Right Now – Rihanna and David Guetta
This is how I like my Rihanna; tough and low in register.  The song doesn’t ask much of her.  Instead, it’s David Guetta that brings it home, creating enough sonic interest to keep my ears involved.  I really like the overall sentiment of the song (live in the moment) and was surprised when radio failed to pick this one up.

Miss Jackson - Panic! At The Disco feat. Lolo
Is this an homage to Janet (Miss Jackson, if you’re nasty!)?  I believe so.  And as such, it’s clever, if a tad indecipherable.  I have a hard time imaging Janet sneaking down the back stairs, let alone being at all interested in the lead singer of this band.  That said, the song crunches along nicely in a vein similar to what Fall Out Boy foisted upon the public this spring.  Life after Emo?  Apparently, there is!

Wild – Jessie J. feat.
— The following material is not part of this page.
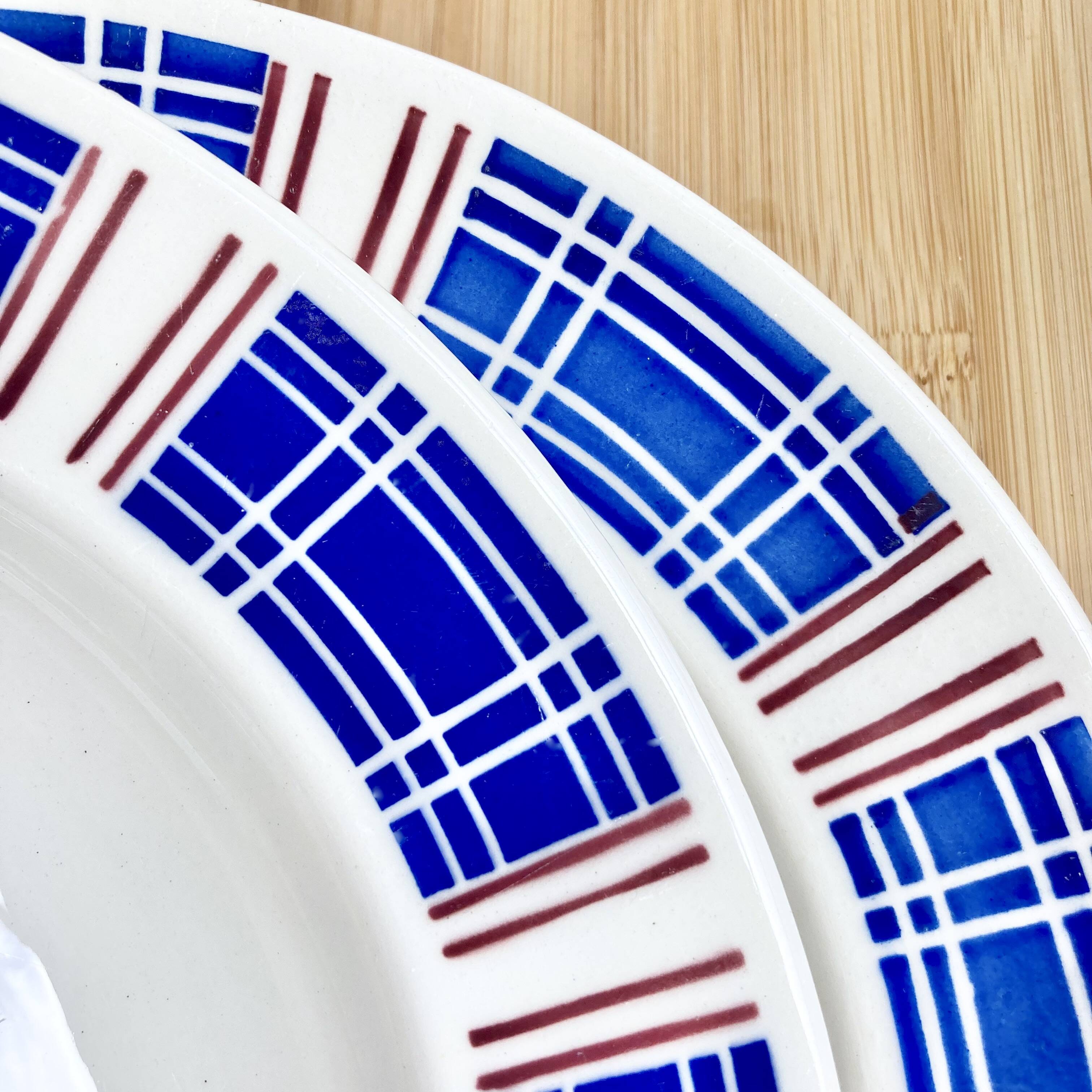 Art Deco Badonviller iron earth plates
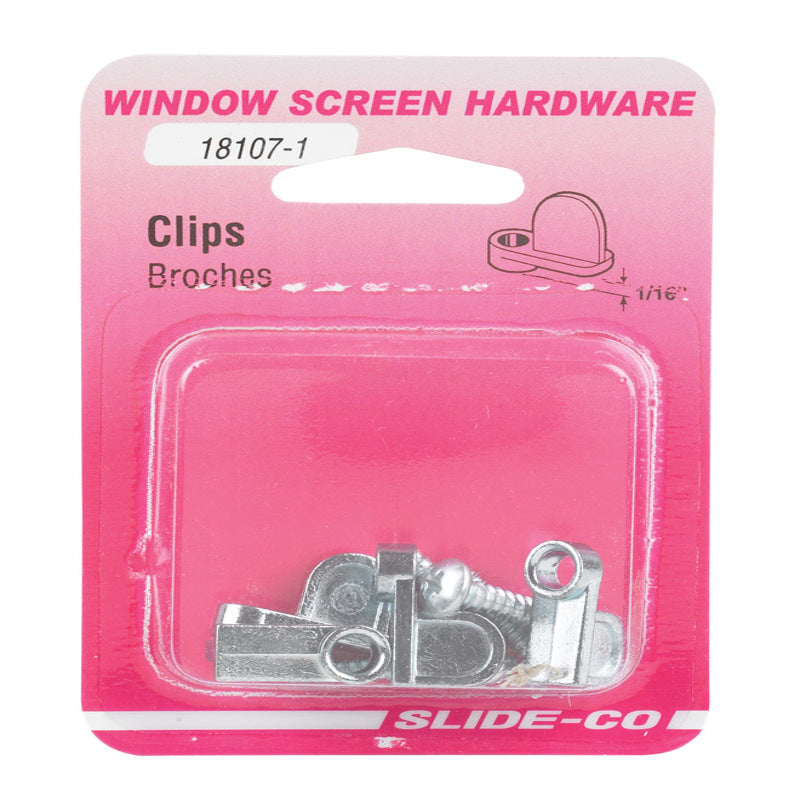 Prime-Line Mill Steel Screen Clip For 1/16 inch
Big Sean
Love this song!  The chorus is so much fun to sing along to - it is the song of my summer.  Whether or not it ever graces the Top 40?  Imma thinking, no (it’s time to break has come and gone).  The video is strong.  My only issue with the whole package is – is this the real Jessie J.?   She’s molded herself into yet another persona with yet another sound and look – not a bad thing, but in order to evolve in the public’s conscious, an artist must first define who they are as a point of reference.  Jessie J. keeps changing so quickly, we still have no idea who or what she is.
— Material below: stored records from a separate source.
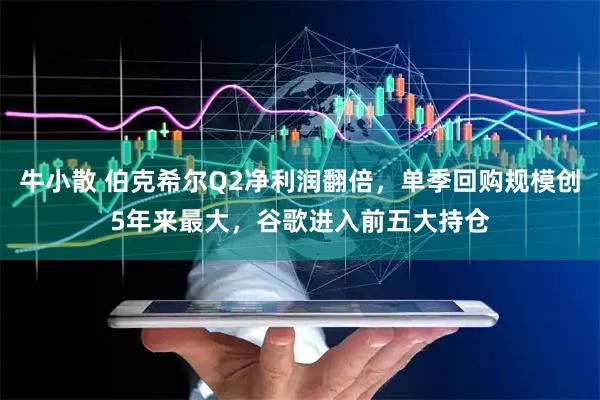 牛小散 伯克希尔Q2净利润翻倍，单季回购规模创5年来最大，谷歌进入前五大持仓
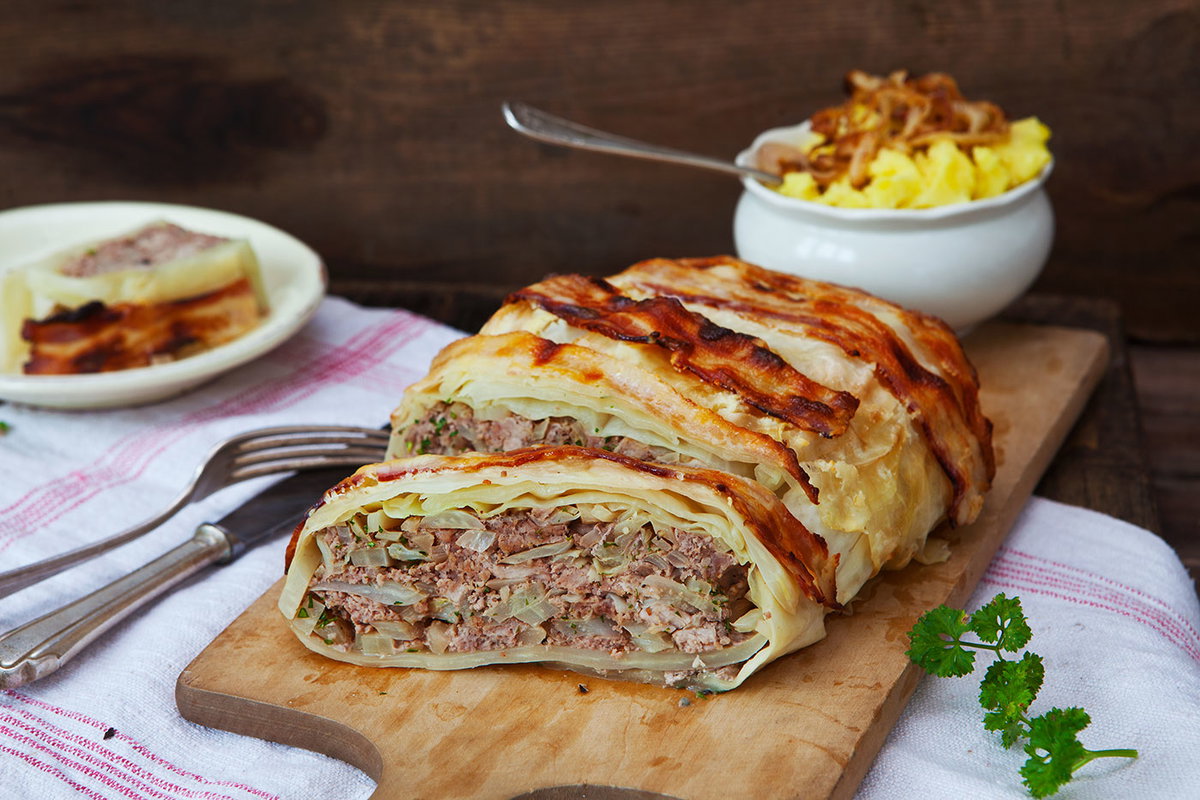 Hackbraten Rezept mit Weißkohl ganz einfach selber machen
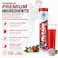 Activo Effervescent Boost Daily Energy 11vitamins &amp; minerals with Caffeine (200mg) from herbs Guarana, Yerba Mate, Bacopa, CoQ10, Magnesium, B vitamins  20 tablets   Sugar-free  Fruit Flavor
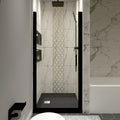 Shower Doors Matte Black Tempered Glass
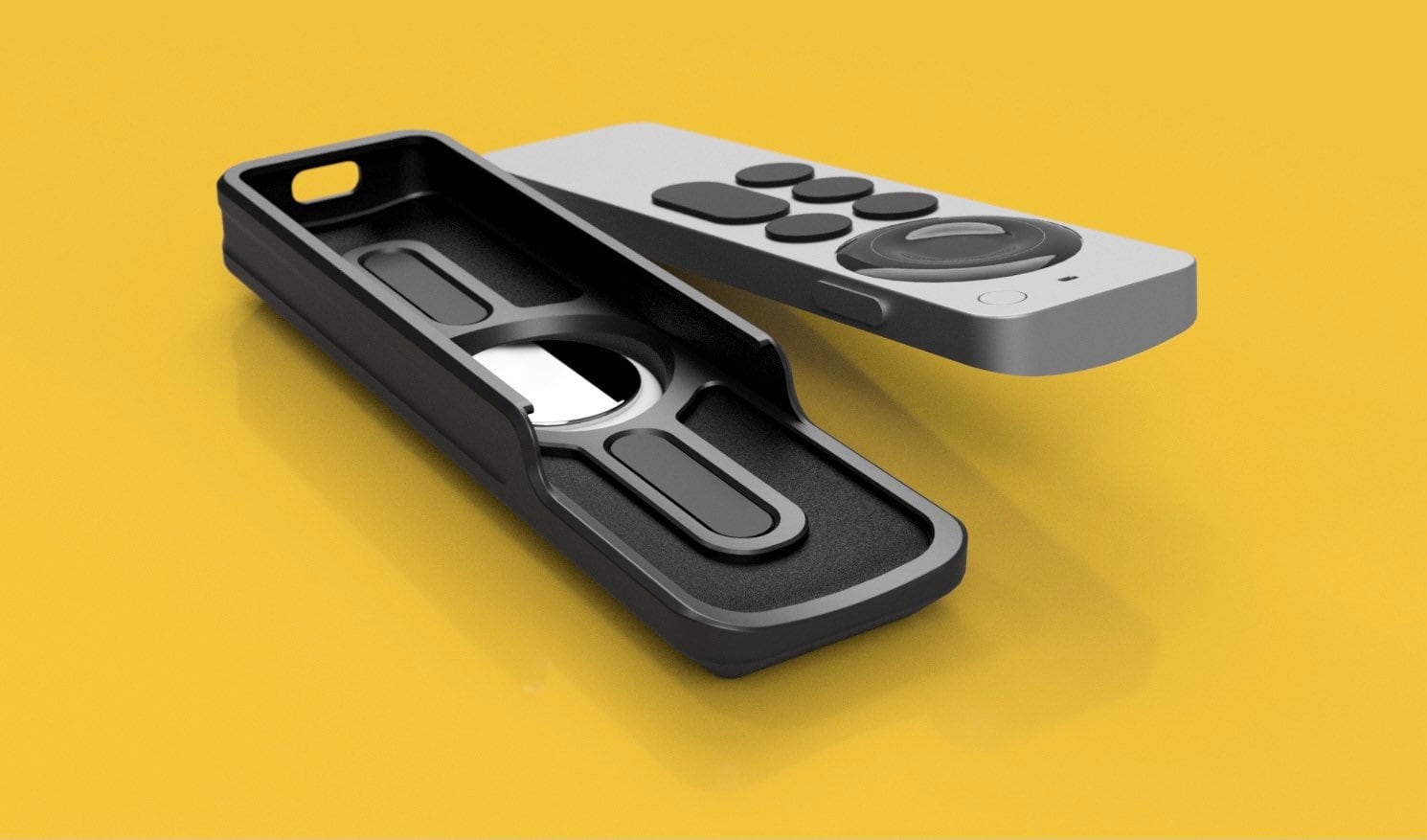 PREMIUM Apple Tv Remote AirTag Case 2021-2022 NEW Apple Tv Remote Case, Hard Plastic, Magnetic! V2.0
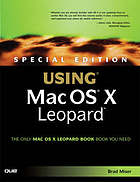 Using MAC OS X Leopard
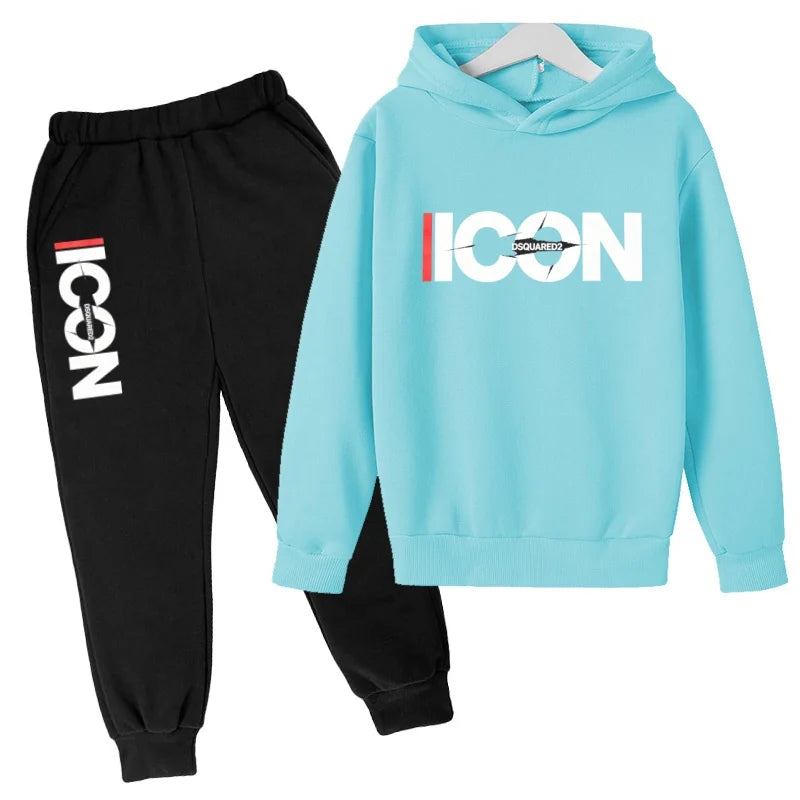 Children's Hooded Sweatshirt with Letters - 3-13 Years | SAMAG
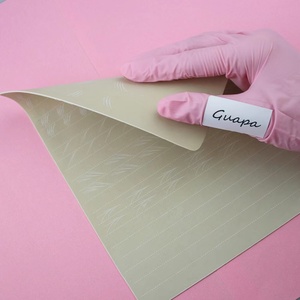 Trazos de pelo básicos, Microblading, <span class=keywords><strong>sin</strong></span> tinta, práctica de <span class=keywords><strong>piel</strong></span>, doble cara, diseñado para práctica de cejas, tatuaje de látex - Product Image 6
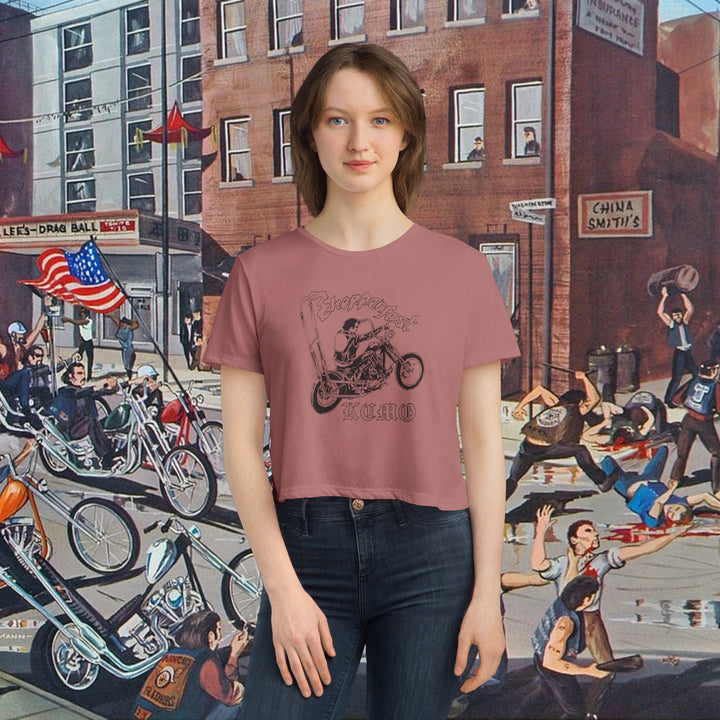 Women's Chopper Fest Cropped Tee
Love Illumination – Franz Ferdinand
What a fun throwback.  It’s like they just discovered The Cars first album.  I don’t care for all the Beatles references, but it makes for an interesting listen.  Franz Ferdinand has a tendency to run amok and this feels very focused and driven.  It could be the breakthrough sound they’ve been looking for.  And that lead singer’s voice?  Truly original.

Love Somebody – Maroon Five
Adam is so clever.  He’s honed a radio-ready sound that permeates everything the group touches.  Thing is, that sound is well past its saturation point.  
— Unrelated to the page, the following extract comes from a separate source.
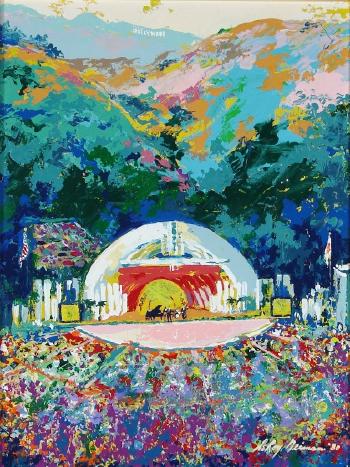 350x467 Leroy Neiman Hollywood Bowl Painting Anysize 50% Off - Painting Hollywood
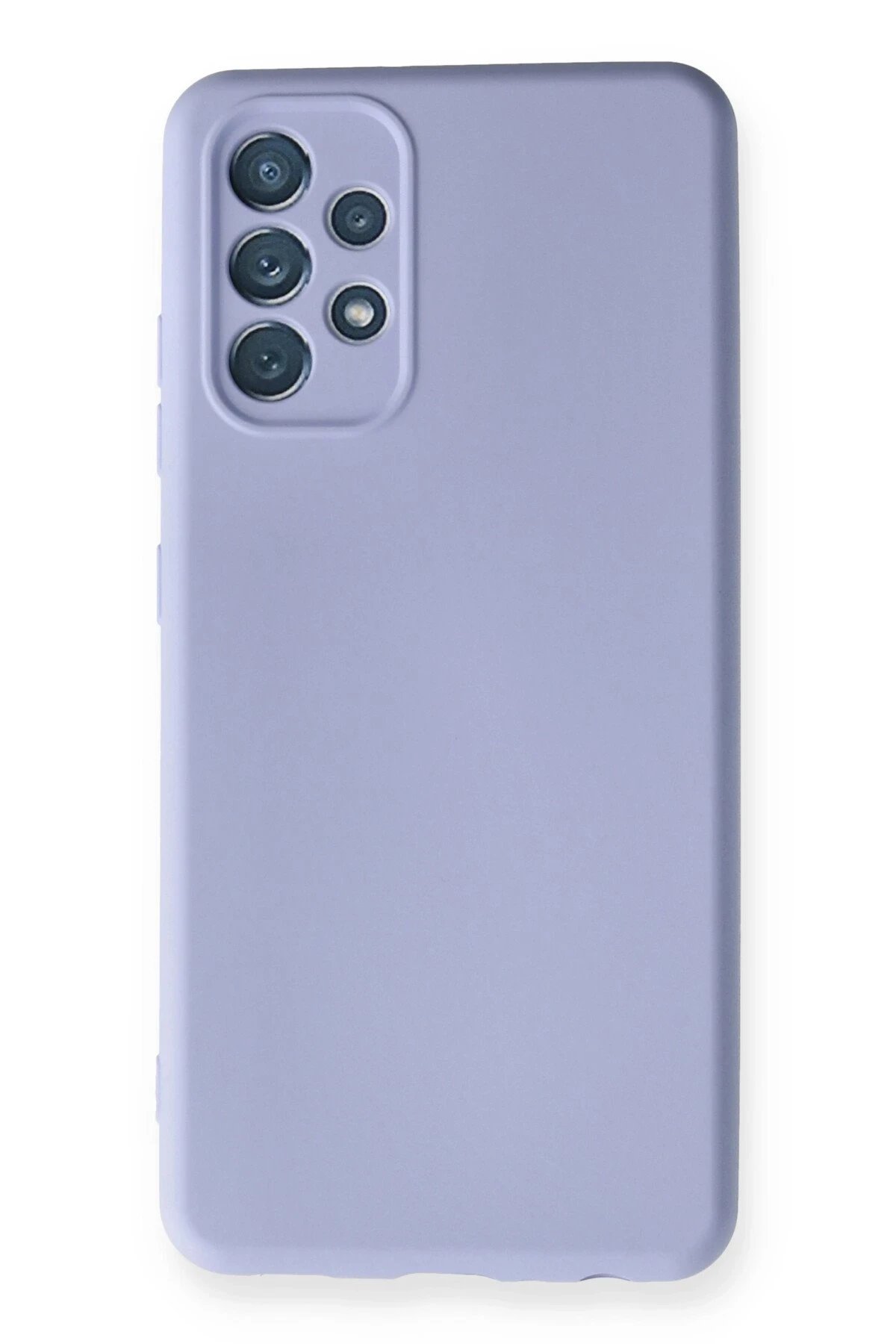 Newface Samsung Galaxy A32 Kılıf Nano içi Kadife Silikon - Lila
In the life of a group like, for example, Huey Lewis and The News, there came a time when the public simply couldn’t bear to hear another Huey Lewis and The News song.  For their songs tended to sound enough alike to be branded ‘another Huey Lewis and The News song’. It finally got to the point that the public would rather rip their eardrums out than hear ‘another Huey Lewis and The News song’.  Maroon Five is this era’s Huey Lewis and The News.  And there is only so much radio-friendly, blandly-familiar pabulum that one can stomach.   Hey, here’s an idea, Adam!  Try adding a little substance.  Just a thought.

Need You Now (How Many Times) – Plumb
An interesting mix of Christian pop, modern country and dance beats.  First listen?  I was rather horrified.  It sounded like a remix of a Lady Antebellum/The Band Perry/Little Big Town/Sugarland song.  But Plumb has a very unique vocal quality, so the song remains unmistakably hers.  Once you get over the overt religious overtones (more than usual) and the slick country/pop sheen, you’ll find a bit of depth in there – and that’s always a welcome ingredient, as is any dance song Plumb graces with her voice.

This Is What It Feels Like – Armin van Buuren feat. Trevor Guthrie

I enjoy this kind of dance music.  It is wistful and bittersweet, propelled by a repetitive piano figure, featuring vocals with just enough weight to pull you in.  There’s hope and comfort to be found between the beats... refreshing for such cynical, snarky times.  

1 comment:

whkattk said...

Well, I'm not familiar with all of your entries. But, I will say somebody should've pushed the 'Reject' button on this one before it went to "take 2." It's tedious and annoying.
I've seen Lady G in concert (twice) and I gotta hand it to her: she's a trained musician and she's capable of writing some awesome stuff. Unfortunately, it's not the kind of music that gets airplay.
Haven't heard Cher's new one yet, for some reason. I've heard "it's good" but not stellar, but it's "definitely Cher."
I can leave Mariah Carey, thanks. Never did care much for her style.
I actually find myself wondering when the real talents (Elton John, Billy Joel) will get back to getting some airtime - but that's just me starting to get old! LOL.